According to the Sunday Telegraph, Downing Street says Mr Johnson “does not share the rebel interpretation” of the new law – expected to gain royal assent next week. The bill was drawn up by cross-party MPs, including the 21 Tory rebels who have since been ousted from the parliamentary party.
A senior No 10 source told The Sunday Times: “If there isn’t a deal by the 18 [October] we will sabotage the extension.”
Mr Javid said the government would obey the law, but the prime minister “absolutely will not ask” for a further delay at an EU summit in mid-October.
“We will obey all laws because all governments should obey laws absolutely, but you will have to wait and see what happens then.”
On Sunday, Mr Raab told Sky News the government would “look very carefully” at its “interpretation” of the legislation.
Election moves continue
Mr Johnson has written in the Mail on Sunday and Sunday Express that on Monday he will offer Labour leader Jeremy Corbyn “one last chance” to agree to an early election.
Opposition parties have agreed not to back his demand for a general election before the EU summit in mid-October, and say they will vote against the government’s proposal at a vote on Monday.
If Mr Corbyn refuses, Mr Johnson said “this government will simply carry on”.
In other developments:
- The government is planning – in a breach of convention – to stand a candidate against the Speaker of the Commons, John Bercow, at the next election for allowing rebel MPs to take control of the Parliamentary timetable.
- French Foreign Minister Jean-Yves Le Drian said France would not be able to support another Brexit delay “in the current circumstances”

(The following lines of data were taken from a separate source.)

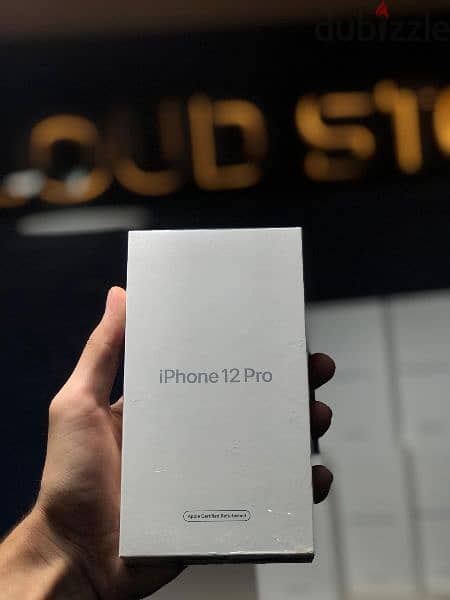 للبيع بسعر مميز وعرض لمده يومين iPhone 12 pro 256 GB جديد بضمان الوكيل 1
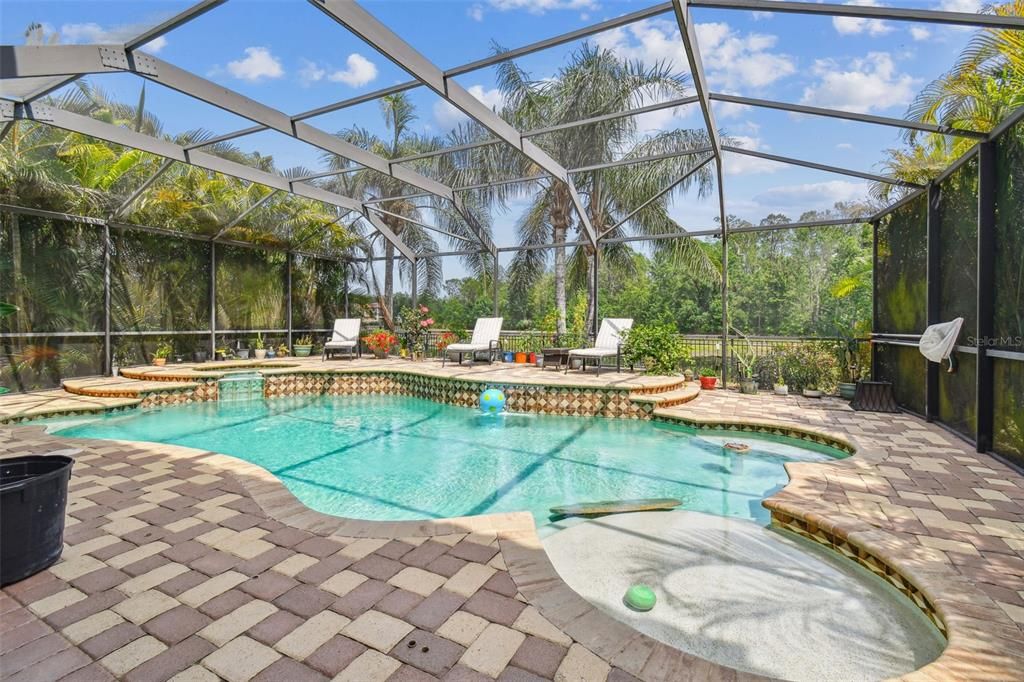 合同活跃: $635,000 (4 贝兹, 2 浴室, 3000 平方英尺)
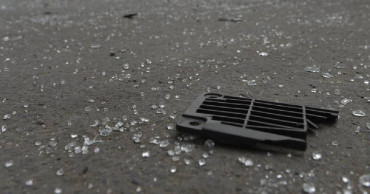 5 killed after trawler truck crushes car in India's Madhya Pradesh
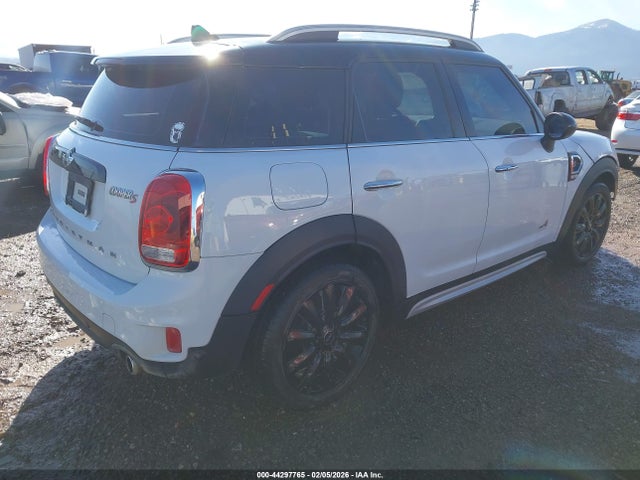 2018 MINI COUNTRYMAN WMZYT5C39J3E62251 Photo 3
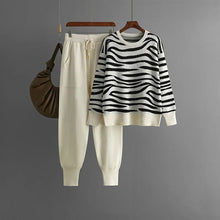 Delaney Women's Ensemble in Cashmere – Chic Zebra Pattern, Soft & Comfortable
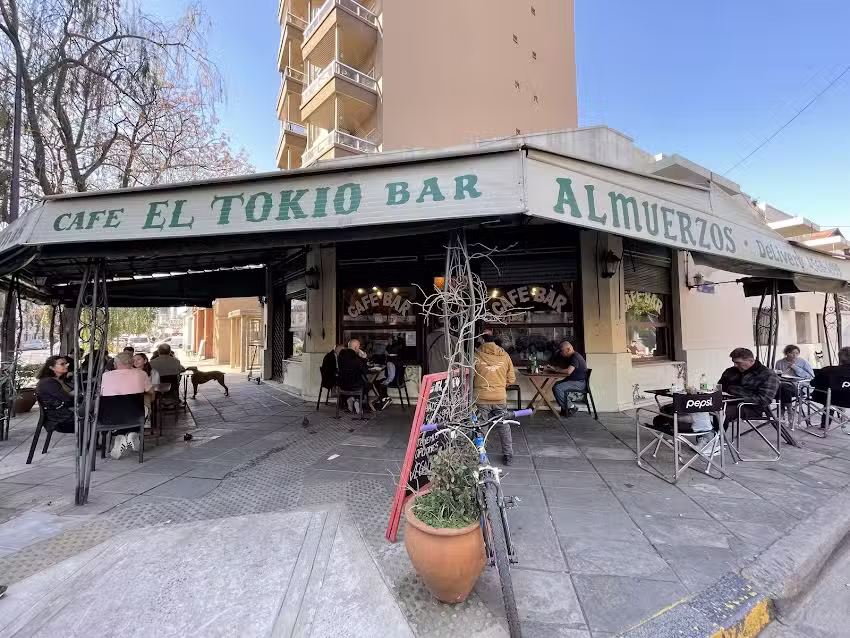 Caf&eacute; El Tokio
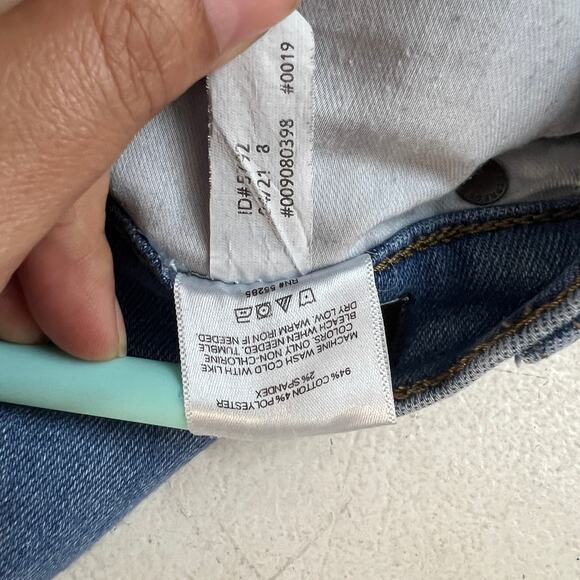 Express Cropped Flare High Rise Distressed Jeans Women’s Size 8 Blue Denim - Picture 8 of 8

- Asked to rule out a possible pact with The Brexit Party at a future election, Mr Javid said the Tories “don’t need an electoral alliance with anyone”
Who is Amber Rudd?
- The 56-year old has been MP for Hastings and Rye in East Sussex since 2010
- Her majority in the 2017 election was just 346 votes
- In the 2016 referendum, she was a Remain supporter – her brother helped fund the campaign
- Ms Rudd was appointed home secretary in July 2016
- She resigned as home secretary in 2018 over the Windrush scandal, saying she “inadvertently misled” MPs
- But an inquiry concluded she was let down by her officials and she returned to the cabinet as work and pensions secretary months later
- Ms Rudd was married for five years to the late journalist and writer AA Gill
- An Edinburgh University graduate, she previously worked in banking and recruitment
- She was credited as a consultant on the 1994 hit film Four Weddings and a Funeral
- In the 2016 Tory leadership debates, she described Boris Johnson as the “life and soul of the party but not the man you want driving you home at the end of the evening”.